** Information shown **
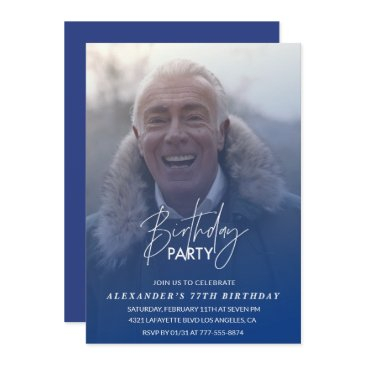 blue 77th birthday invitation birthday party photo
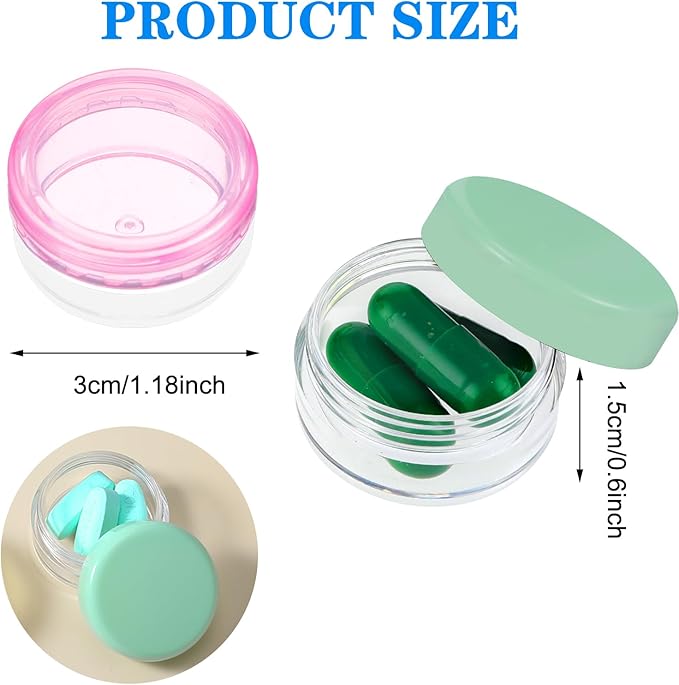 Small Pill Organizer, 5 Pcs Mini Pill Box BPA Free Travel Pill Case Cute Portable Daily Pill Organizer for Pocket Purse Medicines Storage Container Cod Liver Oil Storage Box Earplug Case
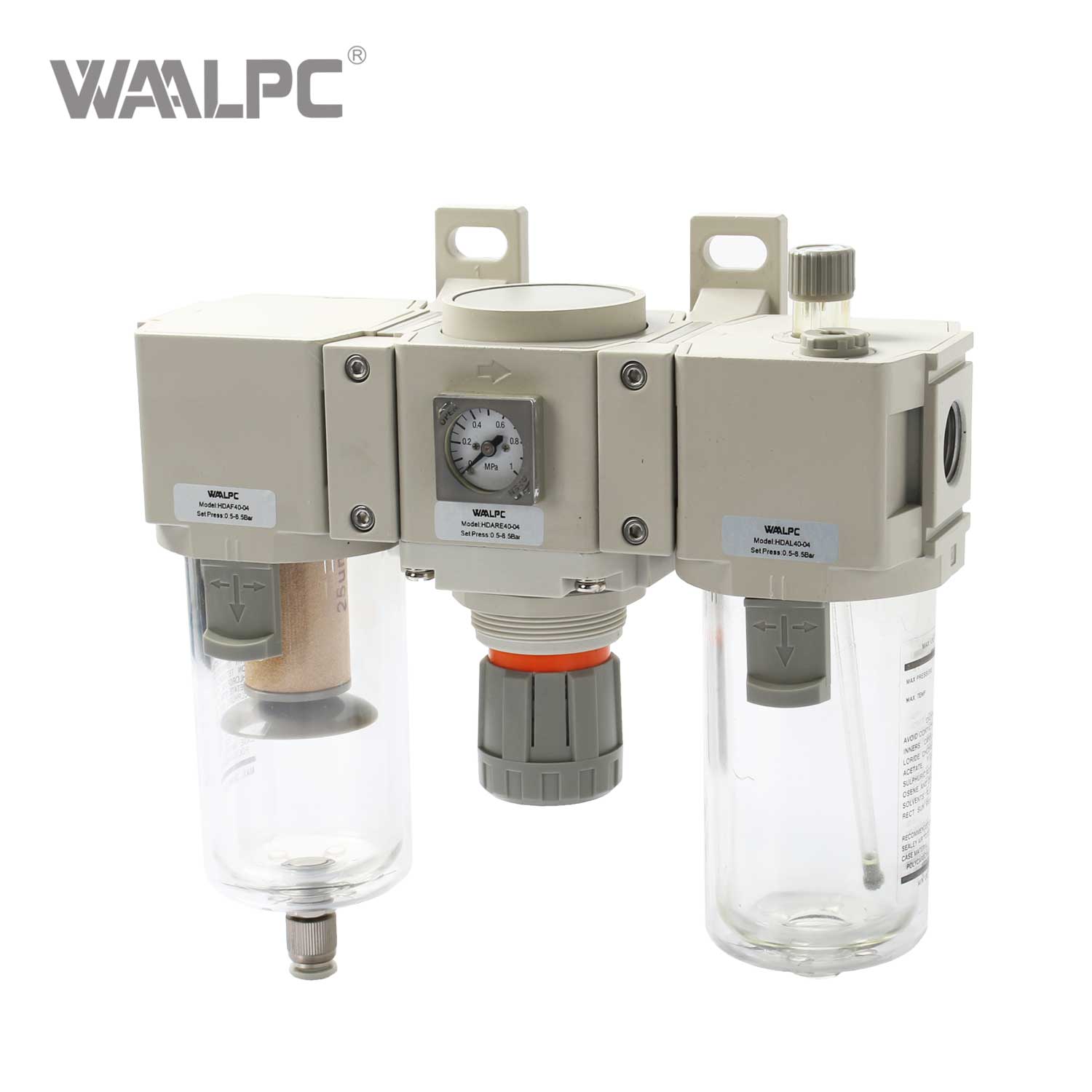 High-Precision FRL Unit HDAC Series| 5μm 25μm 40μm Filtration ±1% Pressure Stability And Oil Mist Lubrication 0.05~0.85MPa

** Problem to solve **
What should appear is an exact reproduction of the lines from the one with "Small Pill Organizer, 5" through the end of the material above, and no pictures.

** Task answer **
 Small Pill Organizer, 5 Pcs Mini Pill Box BPA Free Travel Pill Case Cute Portable Daily Pill Organizer for Pocket Purse Medicines Storage Container Cod Liver Oil Storage Box Earplug Case
 High-Precision FRL Unit HDAC Series| 5μm 25μm 40μm Filtration ±1% Pressure Stability And Oil Mist Lubrication 0.05~0.85MPa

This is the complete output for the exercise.